Problem description
Go to the line containing "Smoke & Strokes Golf T‑Shirt" in the material below. From there to the end, retype every line exactly and drop the pictures.

━━━━━ Data below

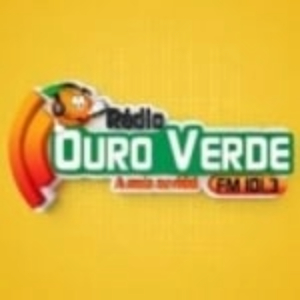 Rádio Ouro Verde 101.3 FM/PA 
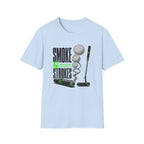Smoke & Strokes Golf T‑Shirt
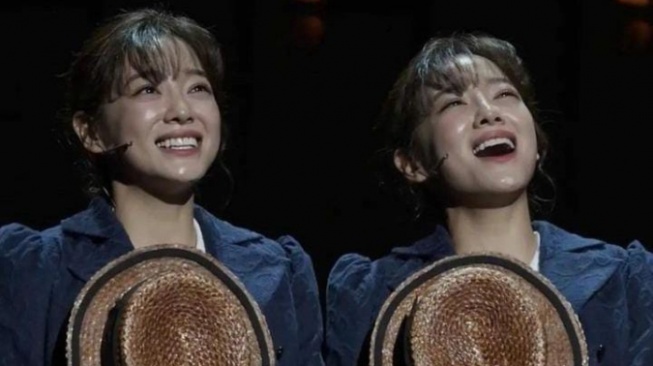 Multitalent! Kim Sejeong Embat Semua Bakat, Idol hingga Musical Teater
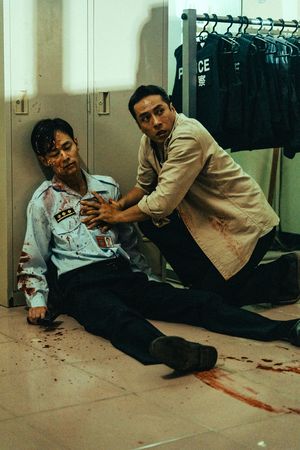 ▲《零日攻擊》第9集的主角是杜汶澤。（圖／牽猴子提供）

━━━━━━━━━━

Solution
Smoke & Strokes Golf T‑Shirt
 Multitalent! Kim Sejeong Embat Semua Bakat, Idol hingga Musical Teater
 ▲《零日攻擊》第9集的主角是杜汶澤。（圖／牽猴子提供）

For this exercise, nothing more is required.